Chi contravveniva a quest'ignobile regolamento, erano pronte sanzioni
di vario tipo: dalle “note disciplinari”, fino all'isolamento,
più o meno lungo, in una “cella monastica” di punizione. Oltre a
ciò vanno aggiunte le continue perquisizioni personali e la scarsità
di vitto, i locali freddi privi di stufe, con dormitori affollati
dove venivano stipate circa una trentina di persone. Questo è il
quadro delle pessime condizioni di vita degli allievi del seminario
di Tiflis.
Lo
“stalinismo”, un esempio su tutti.
"Il
padre di Stalin, era un calzolaio, proprietario di un piccolo
laboratorio che, non più in grado di far fronte alla concorrenza dei
grossi fabbricanti, di scarpe. Chiude bottega e prende lavoro, nella
fabbrica di scarpe Adelkhanov, a Tiflis. È andato a lavorare nello
stabilimento, non con l'intenzione di diventare un salariato
permanente, ma con lo scopo di mettere da parte un po' di denaro,
accumulando risparmi che lo mettesse in grado di riaprire la propria
bottega. Come vedete, la posizione di questo calzolaio, è già
proletaria, ma la sua coscienza è ancora non-proletaria, anzi, è
interamente piccolo-borghese.
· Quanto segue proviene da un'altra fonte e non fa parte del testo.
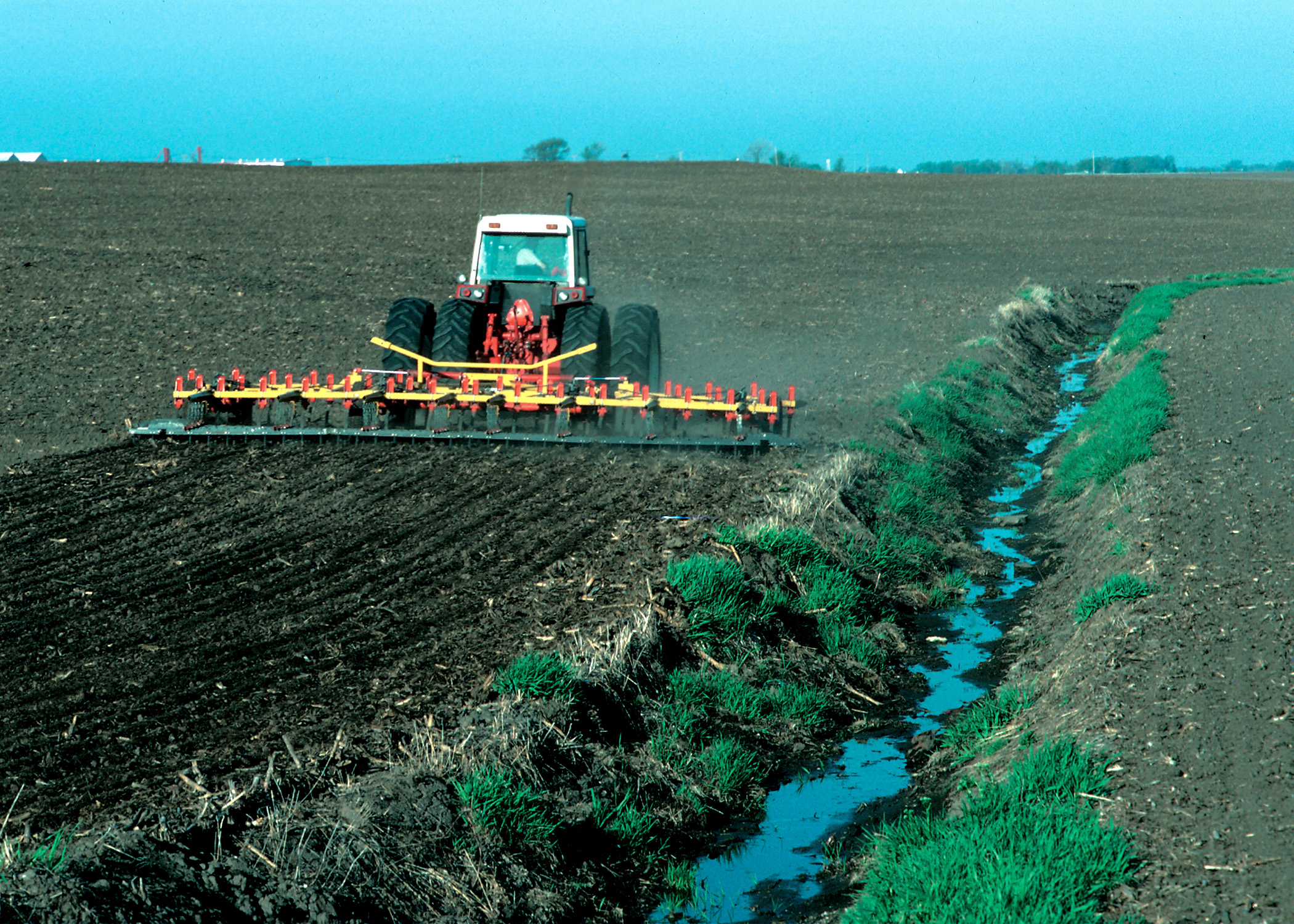 Contaminación del agua de origen agrícola como en la imagen del tractor echando fertilizantes en el suelo que pueden filtrarse hasta los acuíferos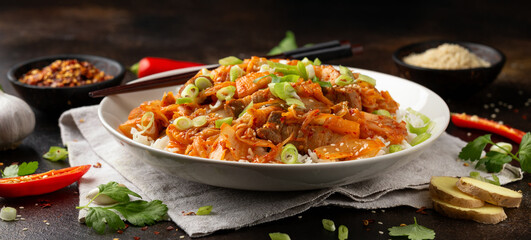 Korean Stir Fried pork belly kimchi with rice and spring onion. Asian food style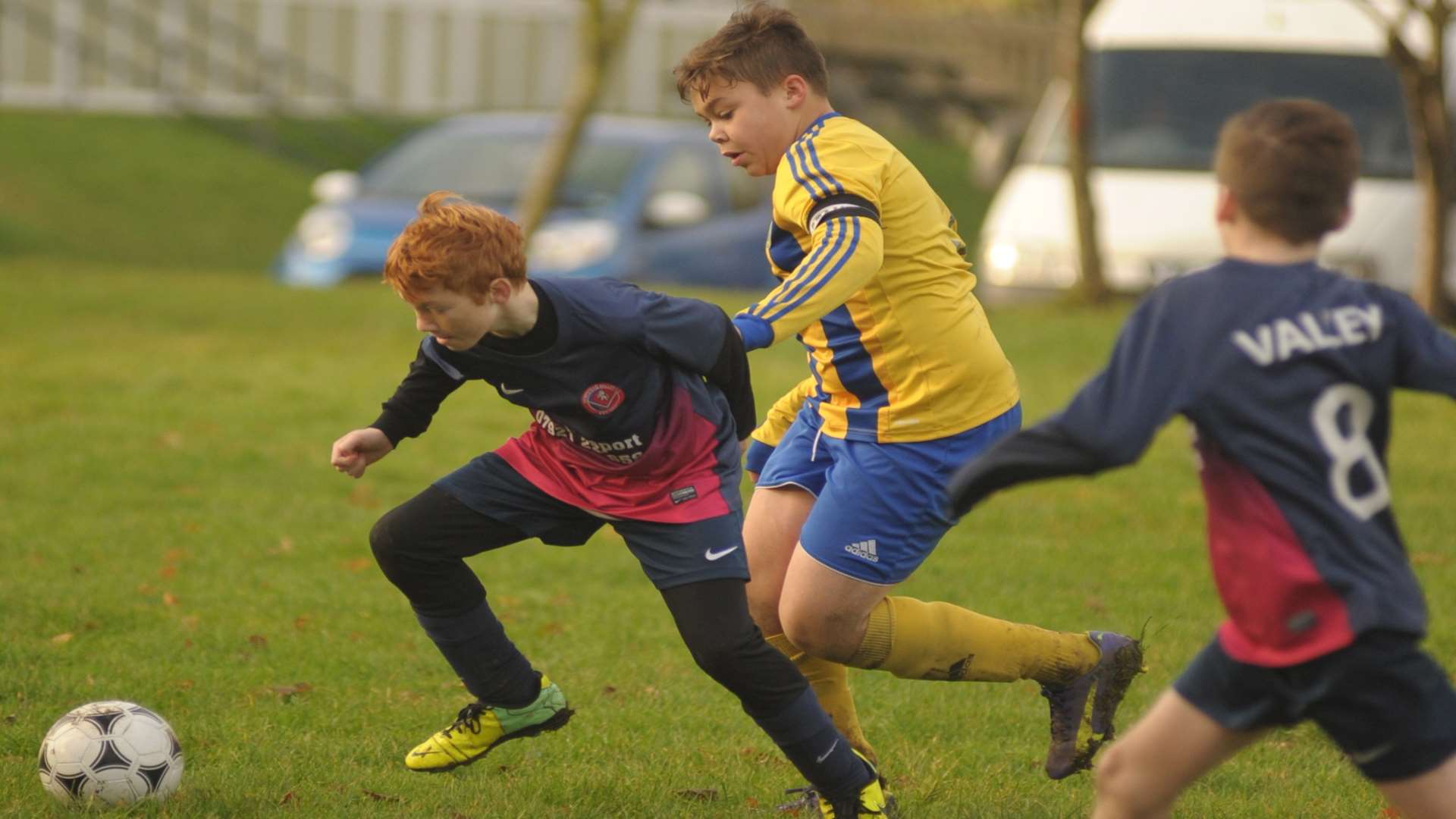 Strood 87, in yellow, give chase against Hempstead Valley in Under-12 Division 1 Picture: Steve Crispe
In altre parole, questo calzolaio ha
già perduto la sua posizione piccolo-borghese, ma non è ancora
venuta meno in lui, la coscienza piccolo-borghese, che si attarda a
prendere cognizione della sua nuova posizione “sociale”
Faccio
fatica, a non individuare la stessa esperienza ai giorno d'oggi nel
mondo occidentale, ma con una differenza, mentre il padre di Stalin,
dopo la chiusura della sua bottega, trova lavoro in una fabbrica di
scarpe, un artigiano o un piccolo imprenditore nel mondo occidentale
chiude bottega e si trova “all'improvviso” disoccupato.